To use an :elim rule, the theorem prover waits until a conjecture has been maximally simplified. If it then finds an instance of some destructor term (fn v1 ... vn) in the conjecture, where the instance for x is some variable symbol, vi, and every occurrence of vi outside the destructor terms is in an equiv-hittable position, then it instantiates the :elim formula as indicated by the destructor term matched, splits the conjecture into two goals, according to whether the instantiated hypothesis, hyp, holds, and in the case that it does, generalizes all the instantiated destructor terms in the conjecture to new variables and then replaces vi in the conjecture by the generalized instantiated lhs. An occurrence of vi is ``equiv-hittable'' if sufficient congruence rules (see defcong) have been proved to establish that the propositional value of the clause is not altered by replacing that occurrence of vi by some equiv-equivalent term.
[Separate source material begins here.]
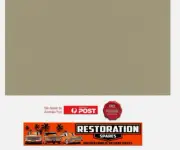 HOLDEN HK HT HG UTE ROOF HOOD LINING CHAMOIS sandpaper (7B)
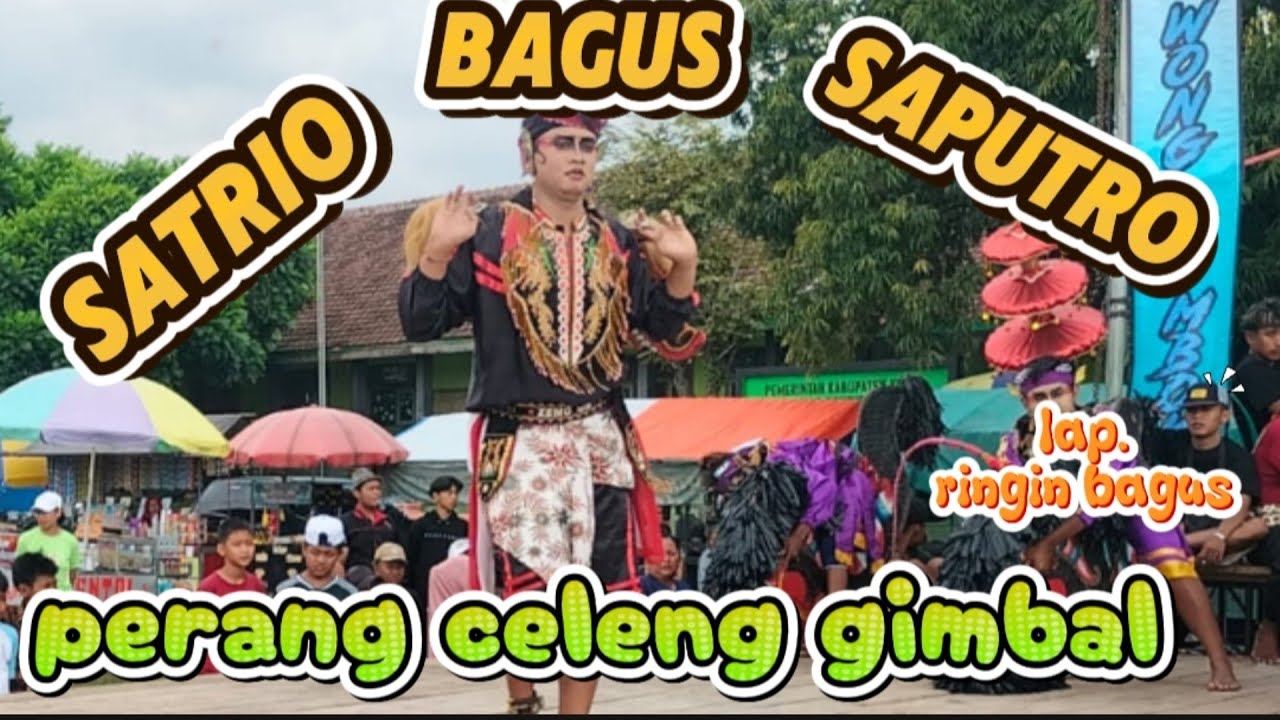PERANG CELENG GIMBAL SATRIO BAGUS SAPUTRO DI LAP. RINGIN BAGUS PUNCU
If an :elim rule is not applied when you think it should have been, and the rule uses an equivalence relation, equiv, other than equal, it is most likely that there is an occurrence of the variable that is not equiv-hittable. Easy occurrences to overlook are those in in the governing hypotheses. If you see an unjustified occurrence of the variable, you must prove the appropriate congruence rule to allow the :elim to fire.

At the moment, the best description of how ACL2 :elim rules are used may be found in the discussion of ``ELIM Rules,'' pp 247 of A Computational Logic Handbook.